There is much talk about Steve Job’s being a creative genius and digital visionary, the impact he had almost single-handedly on how we consume personal media. His use of design in both product development and user experience. We are also being reminded of Apple’s cult-like customer fan following that routinely spends days and nights camping on streets outside Apple stores, all around the world – just to be the first to get their hands on the next Apple product, and often just for the new version of an existing product. Nobody will dispute any of this…

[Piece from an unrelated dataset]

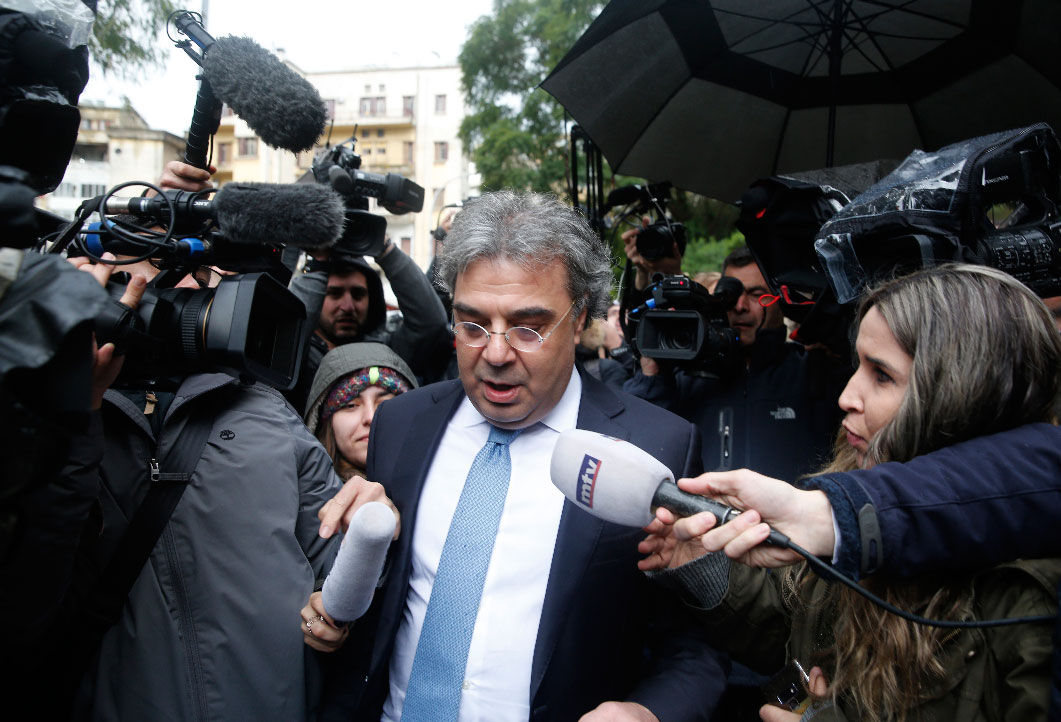 Carlos Abou Jaoude, center, a lawyer for ex-Nissan chief Carlos Ghosn, speaks to journalist as he leaves the judicial palace in Beirut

Today, I walked by an Apple store and was shocked to see a makeshift memorial. There was a wall being created outside against the glass facade with flowers, cards, candles, pictures, clever manipulations of old Apple ads and dozens of post-it notes that people were handwriting while they stood and paid their last respects to Steve Jobs; like he was a close personal family member! He was the CEO of a company, a corporate executive, not a pop-star, a princess or a movie star – I was amazed.

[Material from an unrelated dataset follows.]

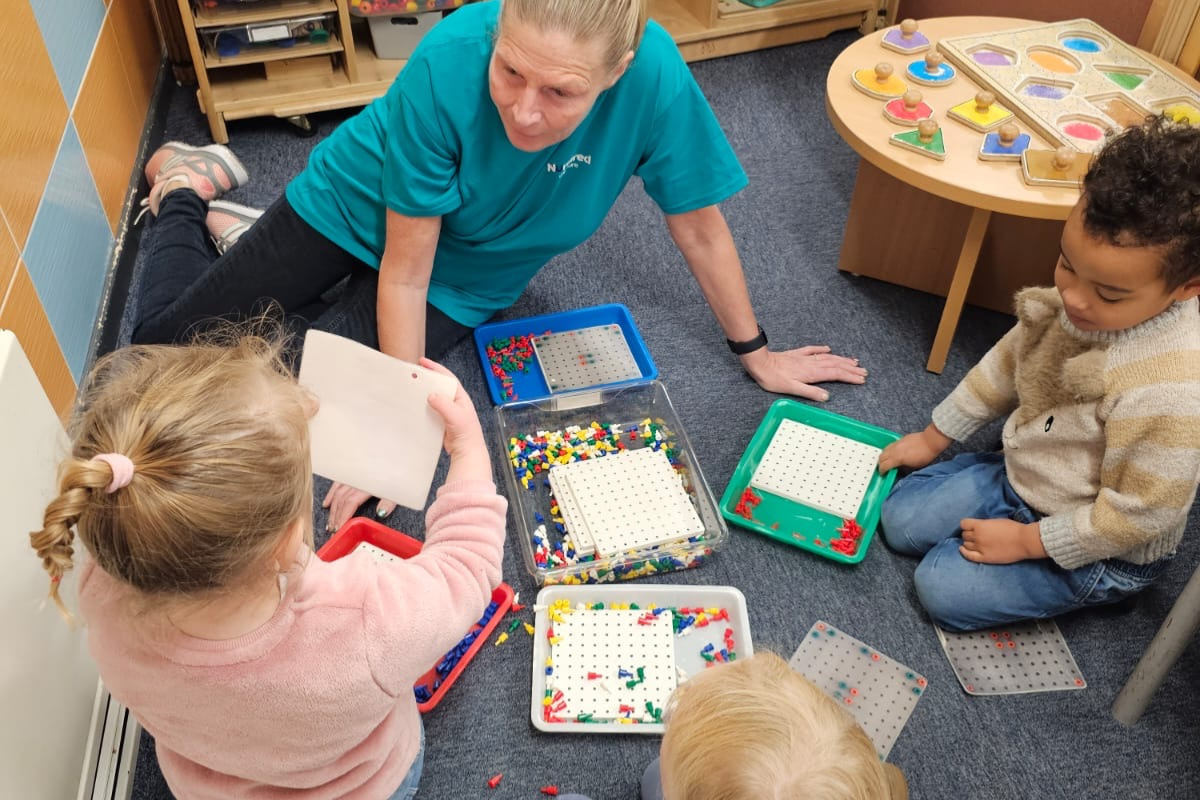 Children learning with an early years practitioner at Nurtured @ Balby nursery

I knew Job’s was a great showman and presenter but it’s one thing to admire a CEO or captain of industry and quite another for makeshift memorials to start popping up outside Apple retail stores all over the world on news of his death. I saw people standing silently, some looked like they were praying and most were writing a personal note and sticking it on the glass that made up the front of the store. It was not teenagers who were flocking but people in their late fifties and sixties who made up the majority coming to pay and post their last respects to the “genius who changed their life forever.” I am not sure if this happened when George Eastman or Henry Ford died but I cannot imagine any other corporate executive, no matter the extent of his genius, being lauded in this way.
In the end it is a testament not only to the brand that Jobs built but the products he delivered in creating this unbelievable emotional bond with customers. Apple is made up of his DNA and is a part of him. No compromise. Pure design cannot carry the day alone, great advertising and marketing only get you so far, and pure showmanship runs thin if the products don’t deliver – in the end Apple products have delivered time and again, and in the odd instance when one does not, Apple replaces it or fixes it for free; no questions asked. Therein lies the secret of turning a loyal customer into an evangelist for life.